Let $X_1, \ldots ,X_n$ be an independent and identically distributed sequence of Exponential(1) random variables, where $n \geq 3$. Find the conditional probability density function for the maximum $M = X_n$ given that the second smallest $X_2 = 1$. Use this to verify that, in the case that $n = 4$,
$$E(M\mid X_2 = 1) = \frac{5}{2}$$
Hint: $\int_{a}^{\infty} ue^{-u}du = (1+a)e^{-a}$.
I started by using the “PDF method” to try and find the density for $X_2$ and the joint density for $(M, X_2)$, but I'm not sure what step to take next.
Let $f$ and $F$ be the probability density and cumulative distribution functions for the iid random variables. Let $f_{(k)}$ and $F_{(k)}$ be those of the $k$ eth order statistic $X_{(k)}$, and similarly for joint functions.

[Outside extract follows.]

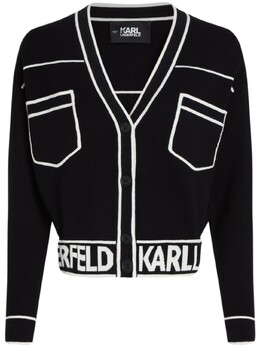 Karl Lagerfeld: Короткий кардиган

When the second smallest order statistic is $s$, then one variable will be at most that, one exactly that, and the remaining $n-2$ variables will at least that. So the pdf for the second (smallest) order statistic is:
$$\begin{align}f_{(2)}(s)&= \dfrac{n!}{1!1!(n-2)!} F(s)f(s)(1-F(s))^{n-2}\\[1ex]&= n(n-1)(1-\mathrm e^{-s})\mathrm e^{s(1-n)}~\mathrm 1_{0\leqslant s} \end{align}$$
Similarly when the the second smallest statistic is $s$ and the greatest statistic is $m$, then one variable is less than $s$, one exactly $s$, one is exactly $m$, and the remaining $n-3$ are betwixt $s$ and $m$. Thus:
$$\begin{align}f_{(2),(n)}(s,m)&= \dfrac{n!}{1!1!1!(n-3)!} F(s)f(s)(F(m)-F(s))^{n-3}f(m) \end{align}$$
etc.
Divide to find the conditional pdf $f_{(n)\mid (2)}(m\mid s)$, solve at $s=1$ when $n=4$, then integrate as required to find the expected value.
$$\mathsf E(M\mid X_{(2)}{=}1)\big\rvert_{n=4}=\int_1^\infty m~f_{(n)\mid(2)}(m\mid 1)\big\rvert_{n{=}4}~\mathrm d m$$